I, like many others, have diverted from the traditional social script. The one that goes: grow up in family (or with other people), flat share, long-term relationship and maybe children, and companionable later life. It all involves living with other people and for a long time I followed the plot.

I was used to sharing homes with others and I felt it to be my natural habitat – we are sociable beings – so the notion of veering off the life plan and living on my own was scary. A lot of what we think is all in our heads (more complex than it sounds); guided by events past, opinions from friends and family, and clichéd notions lazily regenerated in various media. We imagine what the future will hold if we take certain steps and, guided by fear, we can cling on so hard we get scraped along an old road.

“Being made redundant was the best thing that happened to me,” said a friend last week whose job of 20 years ended when the business owner brought in a family member to do her work (with a different job title).
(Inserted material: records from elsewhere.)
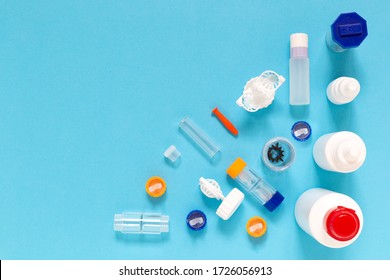 Colorful flat lay of vision correction lenses equipment on blue background with copy space : eye drops, containers, lenses, twizzlers, liquids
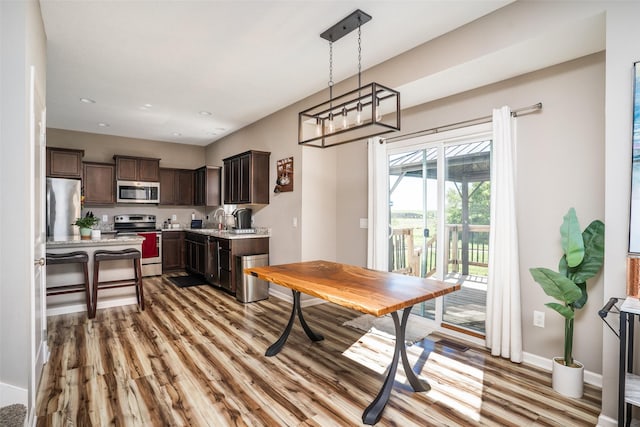 303 SE 14th St, Grimes, IA 50111 - dining space featuring wood finished floors and recessed lighting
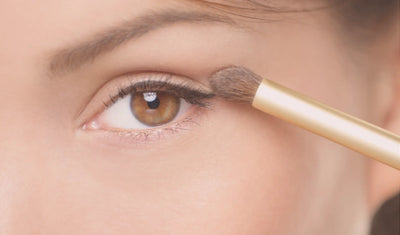 woman applying eye makeup with eyeshadow brush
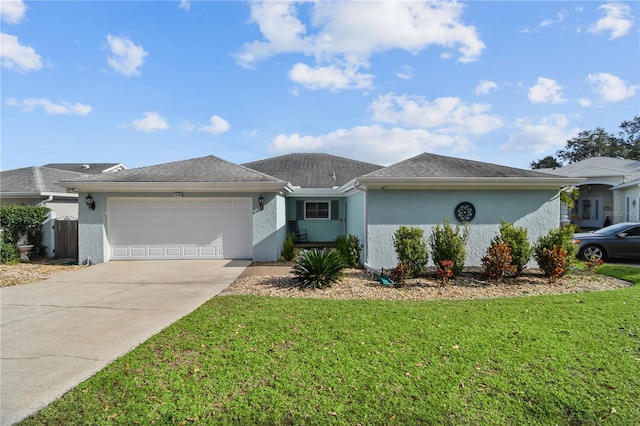 single story home with a garage and a front lawn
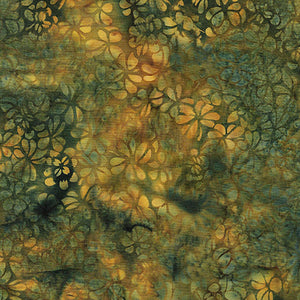 This batik cotton fabric features images of clovers in shades of greens and golds. Available at Colorado Creations Quilting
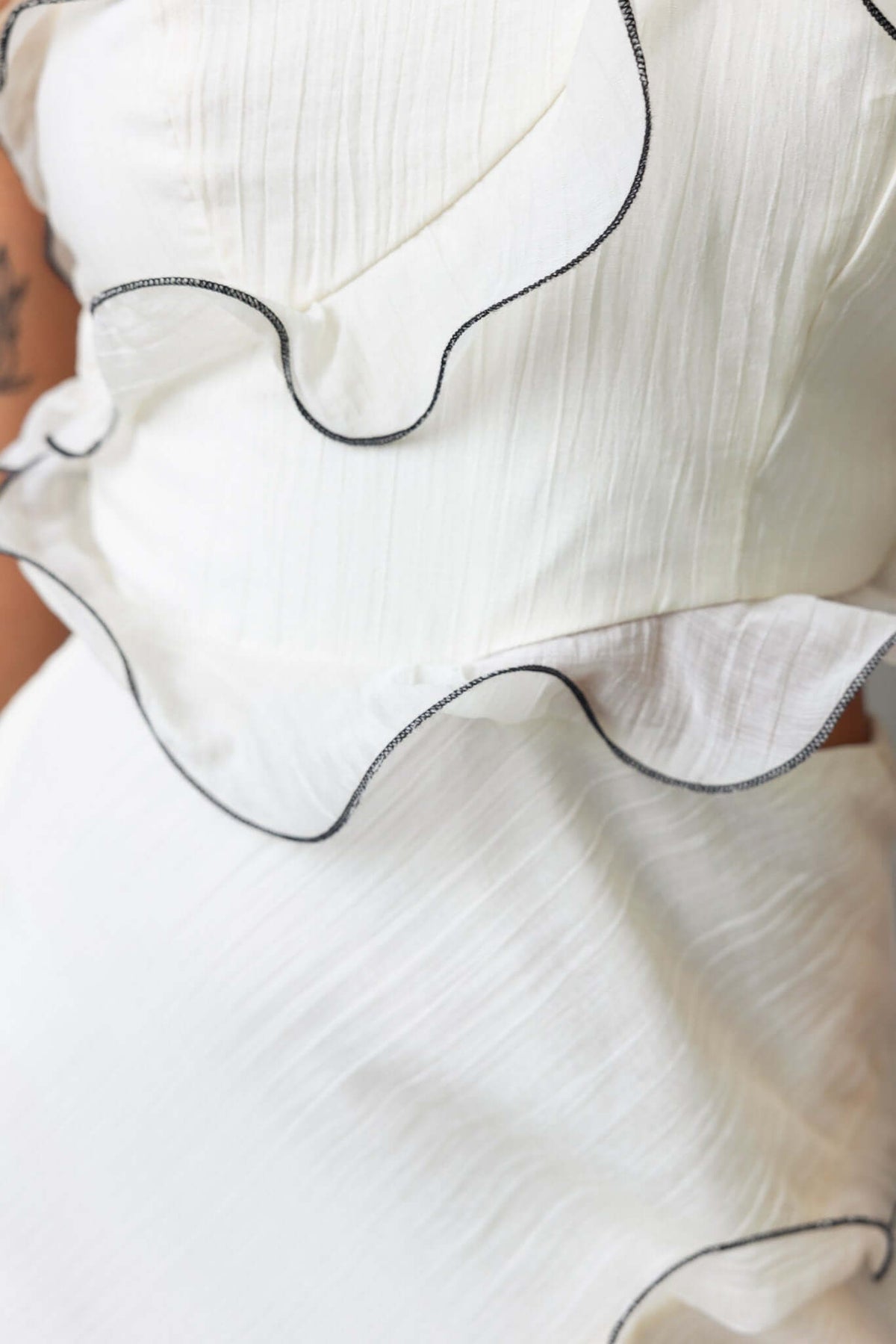 Close-up of the Clouded Maxi Dress showcasing textured material and ruffled detailing with black trim.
She sobbed for weeks, did a course, got another, better job and “my world opened up”. But of course we hang on – we might not get a job, or a new partner (albeit some people don’t want one – which could either be totally reasonable or an unhelpful coping mechanism), or a place to live – and that is terrifying.

Whatever I did would not be dictated by anyone else, not informed by a television being on, by someone needing assistance with something, by a meal needing to be cooked. Photograph: Getty Images

When I contemplated living alone, what played in my head was this: I would sleep fitfully as my mind reconstructed and recycled what had happened, I would find the silence heavy and I would feel alone.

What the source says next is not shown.